## DATASET CONTENT:
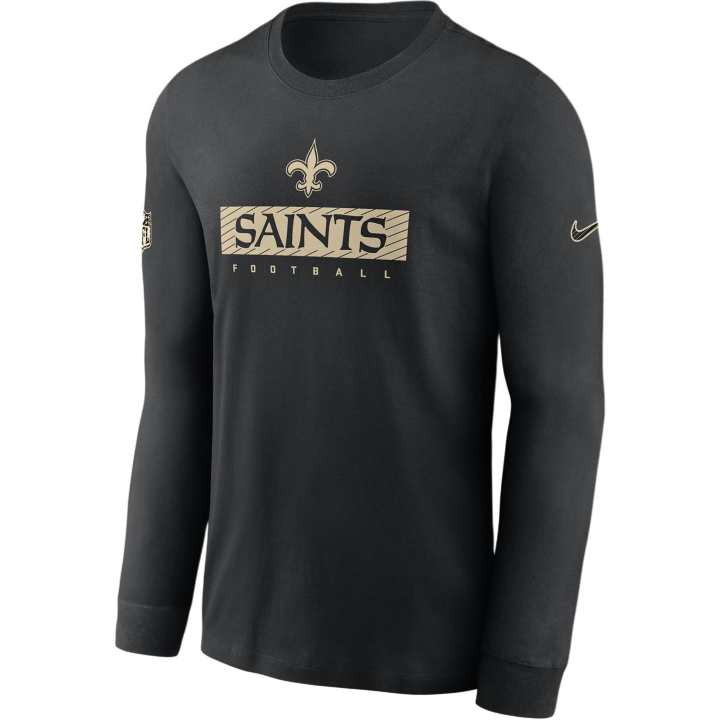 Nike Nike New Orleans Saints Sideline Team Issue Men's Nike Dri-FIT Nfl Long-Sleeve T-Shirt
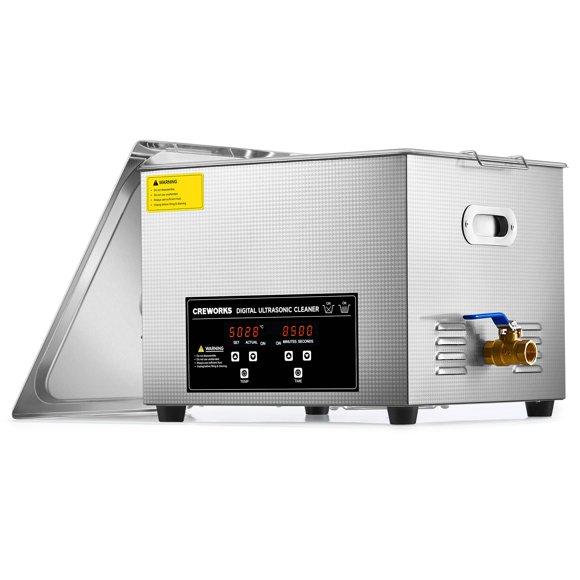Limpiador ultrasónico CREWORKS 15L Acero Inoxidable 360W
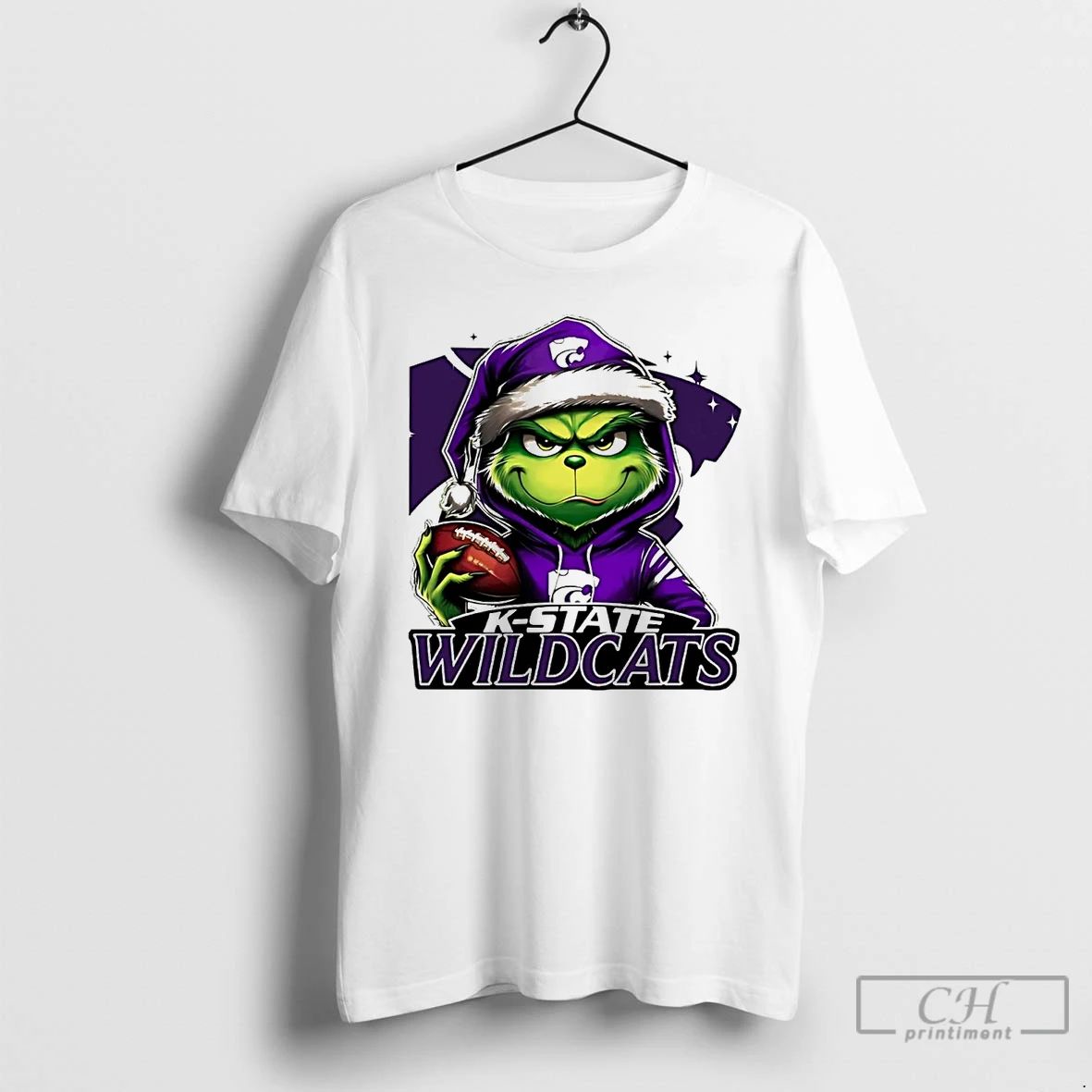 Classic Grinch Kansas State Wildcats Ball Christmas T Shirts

## PROBLEM STATEMENT:
Would you set down every line of the data above exactly, skipping the pictures?

## ANSWER FOR THIS EXERCISE:
 Nike Nike New Orleans Saints Sideline Team Issue Men's Nike Dri-FIT Nfl Long-Sleeve T-Shirt
Limpiador ultrasónico CREWORKS 15L Acero Inoxidable 360W
 Classic Grinch Kansas State Wildcats Ball Christmas T Shirts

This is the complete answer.